Intel has shocked investors by announcing that revenues for the second quarter to 30 June will fall below expectations.
The company had previously predicted second quarter revenues would be flat or slightly up, but it is now warning that sales could fall to 5% and 10% short of the $6.4 billion (#4 billion) in the first quarter of this year.
Intel blamed the drop on weak sales in Europe and a faster than expected decline in sales of its older Pentium chips.
A spokesman for Intel US commented: "We started seeing pretty significant softness in the numbers, especially out of Europe. Much of the softness is in the company's Pentium processor line, which is seeing a slow-down as users begin to demand Intel's faster, newer processors, particularly the Pentium with MMX technology and the Pentium II."
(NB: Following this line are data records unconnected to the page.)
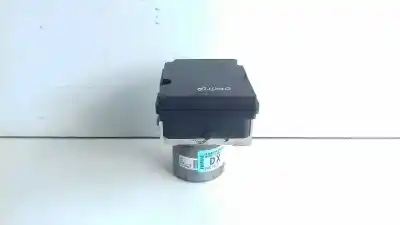 Second-hand car spare part abs for kia optima emotion oem iam references 58900d4170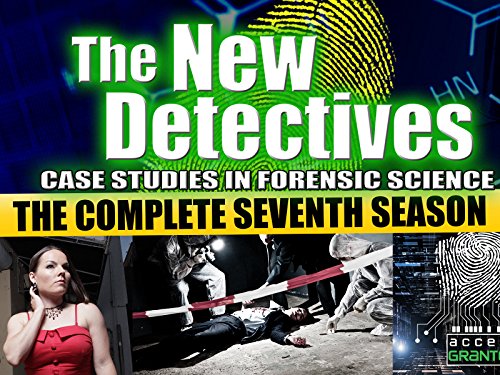 The New Detectives: Case Studies in Forensic Science (1996)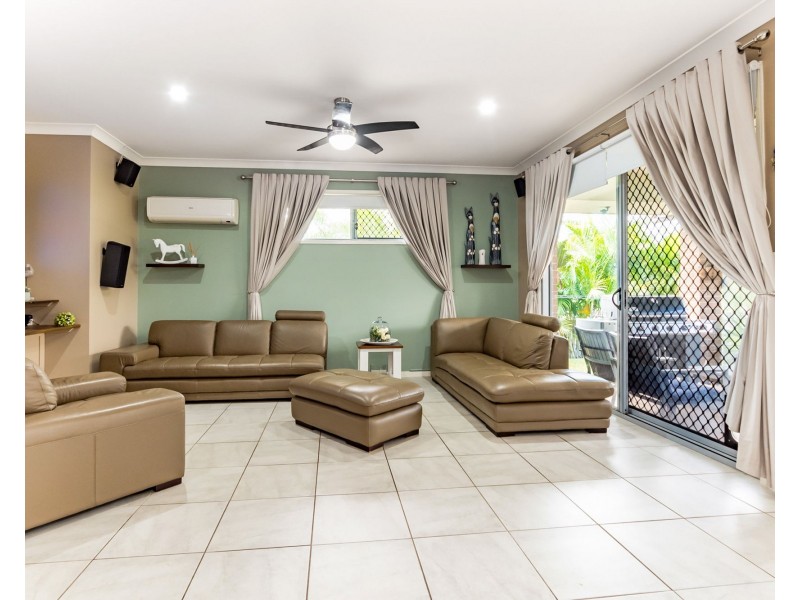 3 Carnarvon Parade, New Auckland QLD 4680
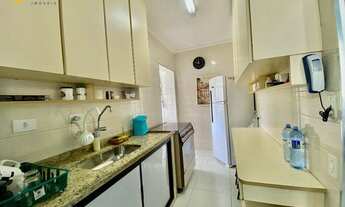 Imagem 6: Apartamento com 3 dormitórios à venda, 95 m² por R$ 400.000,00 - Praia da Enseada - Rufino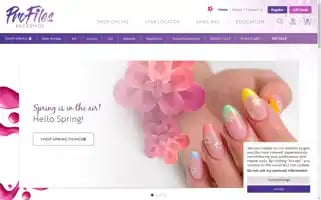 Profilesbackstage.com Screenshot 2024-05-13 12:39:41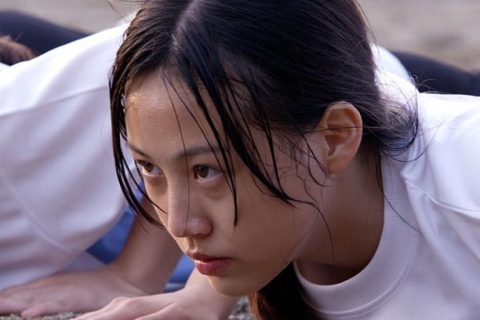 수원여대 연기영상과 이비안 학생, 영화 ‘슈팅걸스’ 주연 맡아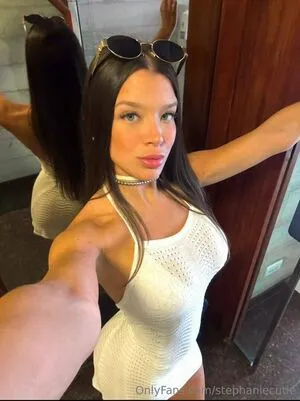 Stephaniecutie OnlyFans Leaked Free Thumbnail Picture - #E5ZR7HtIDD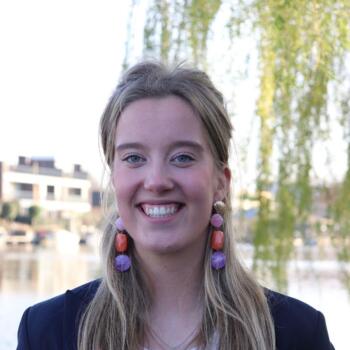 Babysitter in Leiden: Madelief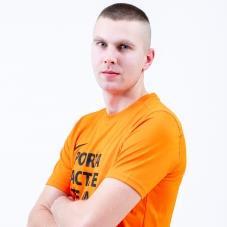 Mateusz Przemielewski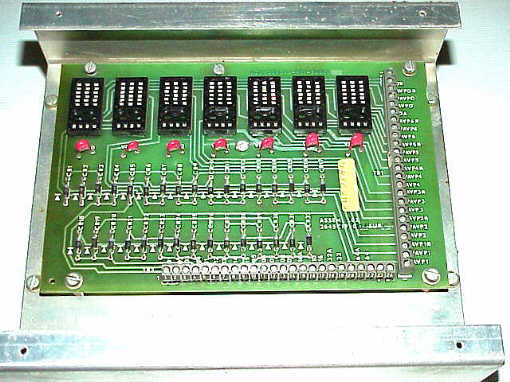 W-SS5208D64H01 WESTINGHOUSE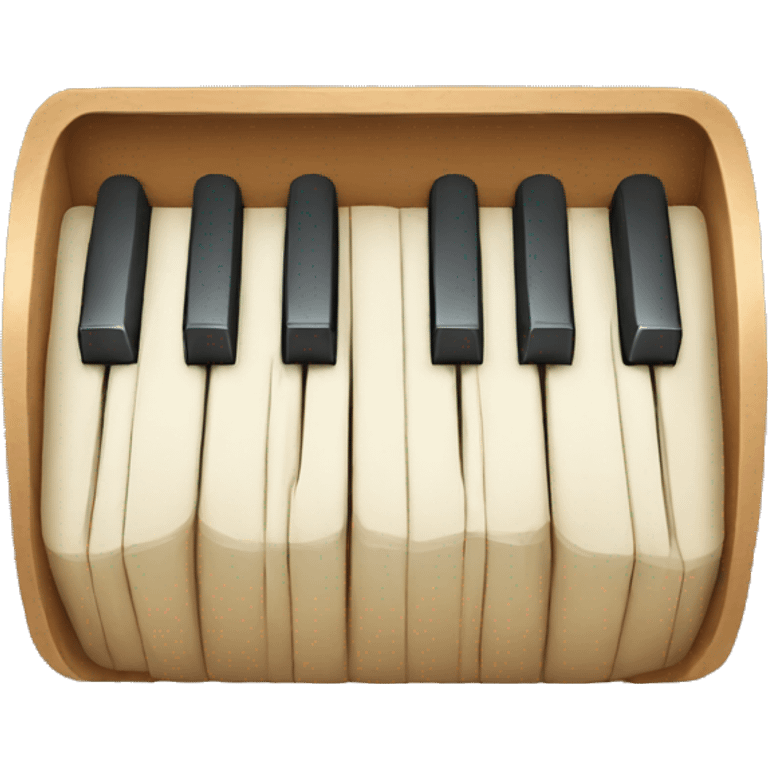 organ emoji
When Intel reports its second quarter figures around mid-July, gross margins are also expected to slip below the 64% figure achieved in the first quarter. Expenses are also expected to rise by between 7% and 9% in the second quarter from the $1.3 billion spent in the first quarter, Intel warned. For the year, the chip maker expects to spend $2.4 billion in research and development.
The news had an immediate and disastrous effect on Intel's stock price, sending it plummeting $20.76 to $142.94.
Despite the fact that both Microsoft and Dell's stock dropped $6.75 and $8 a share respectively on the same day, analysts said it was just a blip.